Hegel afirmava que a filosofia é o espírito do tempo apreendido no conceito. Assim, não cabe à filosofia nem a representação da fé e nem a imagem e representação das artes. Nem cabe à filosofia permanecer no primeiro degrau do conhecimento das certezas sensíveis e, sobretudo, para filosofar, é preciso distanciamento para não pensar com o fígado, mas, de preferência, com a cabeça.
Vivemos tempos difíceis de distanciamento, com forte tendência a repetir mantras e frases prontas, dispostos a brigar na defesa dos pré-conceitos, mas pouco tolerantes e abertos a aprender do outro e, sobretudo, aprender a respeitar a voz das ciências.

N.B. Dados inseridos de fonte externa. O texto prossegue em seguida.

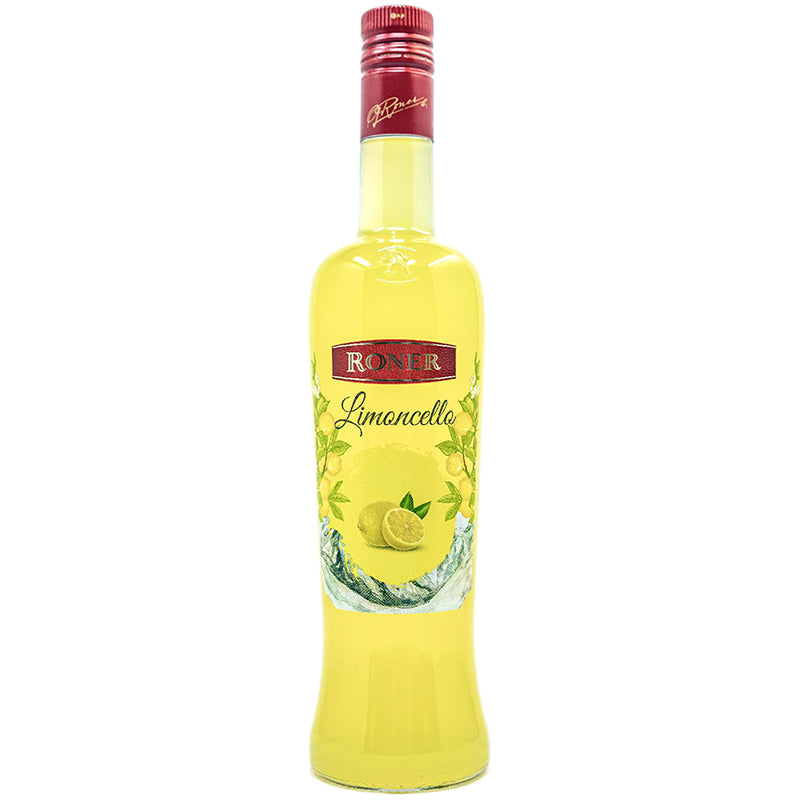 Roner Limoncello Lemon Liquer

Digo isso porque circula no senso comum e, às vezes, em alguns ambientes acadêmicos, sobretudo de tendência neoconservadora, a ideia pré-concebida e acrítica de que a família é a responsável pela educação moral dos filhos e a escola deve escolarizar. Família educar, escola escolarizar, em síntese. Ouve-se isso, inclusive, de filósofos Pops brasileiros e, quando dito por filósofos, parece que não há apelação. Quem se arrisca a contestar os filósofos? Só um outro filósofo...
Voltando. A família educa. A escola escolariza.
Não é errado assim pensar e assim se expressar. Só que uma verdade quando dita pela metade presta um desserviço à própria verdade. Vamos ver.
Que a família educa os filhos, no sentido moral do termo, e ensina valores (não mentir, não matar, não roubar, respeitar etc.) parece mais do que certo. É a família a primeira célula da sociedade e é na tenra idade que somos propensos ao exercício da domesticação. Sim, como dizia Nietzsche, “o homem é um animal domesticável”. E não há habitat mais natural para a domesticação moral do que o lar, a família, o ambiente doméstico, enfim.
E a escola? À escola, dizem os novos gênios da educação, sobretudo, da corrente da escola sem partido, a escola deve escolarizar, isto é, deve formar para a aquisição de habilidades instrumentais e para a inserção na sociedade e no mercado. Nada de ensinar valores! E nada de ensinar a criticar e relativizar valores. E se, por acaso, ensinar valores, então, tem que ser imparcial. Imparcial significa, se bem interpreto, mostrar o outro lado. Ótimo. Eu acho isso bárbaro! Mostrar o outro lado, o outro ponto de vista, o outro argumento, é o que se aprende na primeira aula de filosofia quando se estuda os sofistas. Aprendemos dos sofistas a sempre prestar a atenção ao contraditório e ao outro ponto de vista. É deles que aprendemos que para cada coisa sempre há no mínimo duas formas de ver e de argumentar, em defesa ou contra. Mas isso será tudo?
Não creio que seja tudo. A escola educa sim e não somente faz pensar e adquirir habilidades instrumentais para o mercado do trabalho. Não. Quando formamos para a autonomia, para a liberdade e para a responsabilidade, então estamos educando (e sem relativismo de ter que mostrar o outro lado), e não só escolarizando. Quando formamos para a justiça, para a solidariedade, para a tolerância, estamos educando, e não só escolarizando. Quando discutimos ética ambiental e ética animal, estamos educando, e não só escolarizando. E sobretudo, quando discutimos questão de gênero, estamos educando e não fazendo ideologia. Se a família fosse o limite da educação então deveríamos achar relativo que alguém tenha preconceito com negros, pobres, gays, prostitutas, ateus etc. Via de regra esse ensinamento vem das famílias, ou não? A quem cabe educar para o respeito, a tolerância, para a diversidade e para a universalidade que ultrapassa o valor do sangue (familiar), da religião e da nação? O machismo, o racismo, a xenofobia e a homofobia nós aprendemos em casa, e não na escola. Ou não? Então, calma lá ao dizer que a família educa e a escola escolariza.